The closing panel discussion featured Geisler, Copan, Chad Meister, and Bruce Little. They fielded questions both from the moderator and the audience. The line of the whole conference, though, belonged to Geisler, when he was discussing false prophets. "If we applied Deuteronomy 13 today, there would be far fewer prophets around, since they would be stoned. That is, if they weren't stoned already." :) Zing! I loved the conference and met some great people who are doing some great things for the Lord. I can't wait to go to the next one!


  1. "Michael Willenborg provided an interesting take on arguments from atheism in which he contends since the clause "God does not exist" is either possible or impossible, atheists may be engaging in question-begging in any argument against God. While I did not entirely agree, it was quite a prospect to think about." Yes, it is interesting to think about. What are your disagreements?

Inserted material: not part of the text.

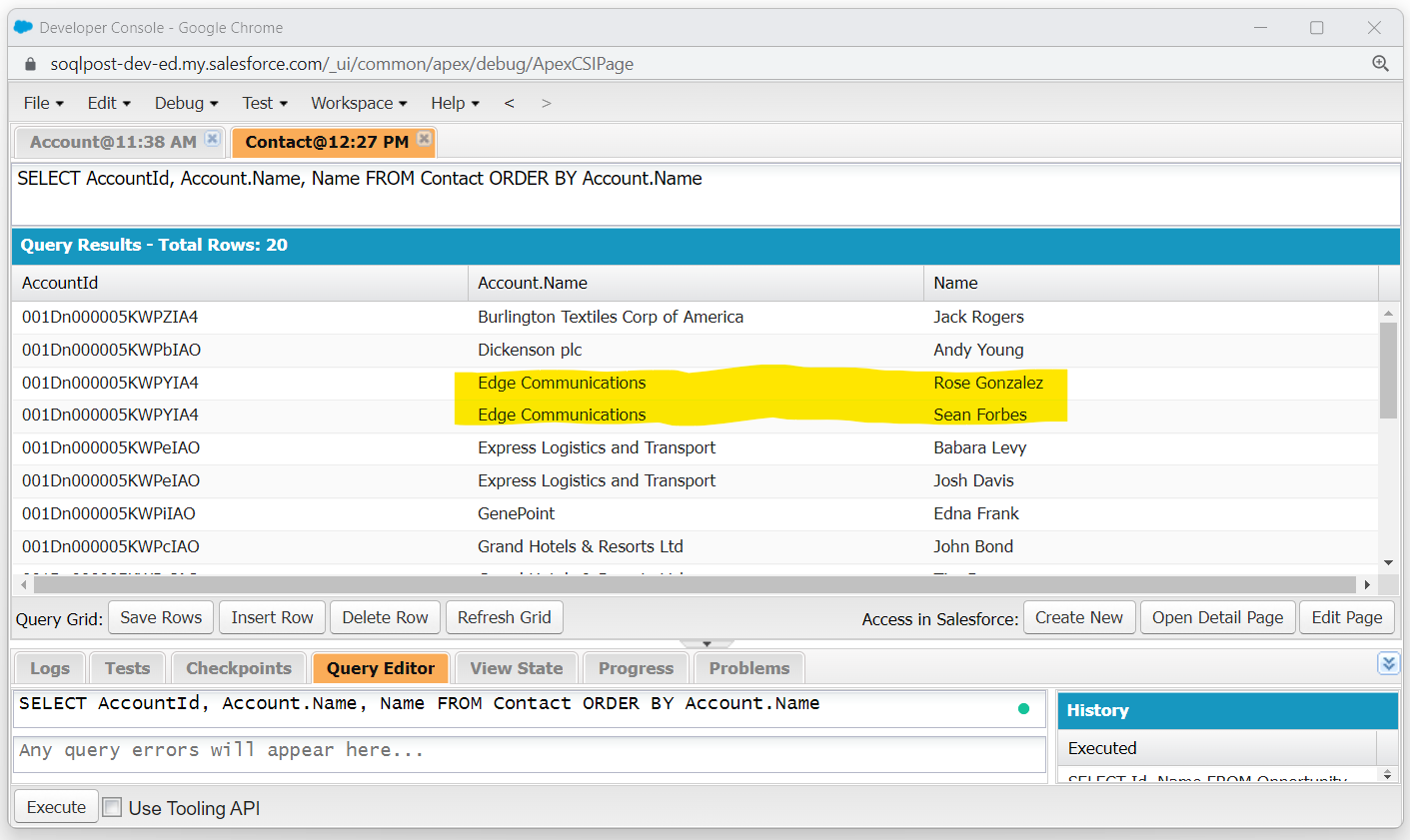 Soql 101 For Salesforce Admins — Part 2 Neil Hohmann 6887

  2. Hi Brian thanks for commenting! He actually anticipated them in the paper, for the most part. You'll also have to forgive me, as I do not have a copy of his paper. One thing that I would like to point out is that when making these arguments we can typically distinguish between metaphysical possibility and epistemic possibility. So, in other words, the atheist is merely saying "in the case that X, Y follows." In respect to the problem of evil, that could take several forms as to its consequent (and I think there's good reasons to think those material conditionals fail). But in any case, I think a majority of the time the atheist is not thinking in terms of the ontological necessity of God, so that he's not, typically, asserting as part of his conditional that God's existence is impossible.

    I also happen to think we can assess the truth of at least some material conditionals (or even counterfactuals) that have impossible antecedents (by way of intuition). We do this all the time with respect to the moral law. If God does not exist, objective moral values do not exist. The antecedent is either possible or impossible, and since Michael pointed out that in the previous case if the atheist accepts a necessary being's existence as possible he, de facto accepts the existence of God, we too face the same challenge.

    Michael's response is that we may reformulate the moral argument to say, "if there is a moral law, then there is a moral law giver." But let us not forget the rule of the contrapositive, which is "if there is not a moral law giver, then there is not a moral law." It is extremely important to note in the case that a conditional is true then so is its contrapositive. It's also true the contrapositive is content-identical to the original formulation of the moral argument as discussed above. It would seem quite odd to say a certain conditional is not question-begging but its contrapositive is! As an example, consider that now the consequent is either possible or impossible, so that we face the exact same problem (because of modus tollens).

    I do think Michael may be on to something, however, in that atheist arguments of this sort do seem to take for granted their consequents; that is, it may be they beg the question after all (as he and I discussed during his Q&A portion). It was a lot of fun and I enjoyed meeting him and hearing his paper.

  3. Randy Everist

    In the link below I wrote some comments concerning the Problem of Evil. Maybe they are useful to you.

  4. Thanks for commenting Patrick! This conference left no doubt in my mind that God is not impugned even in the case of gratuitous evil!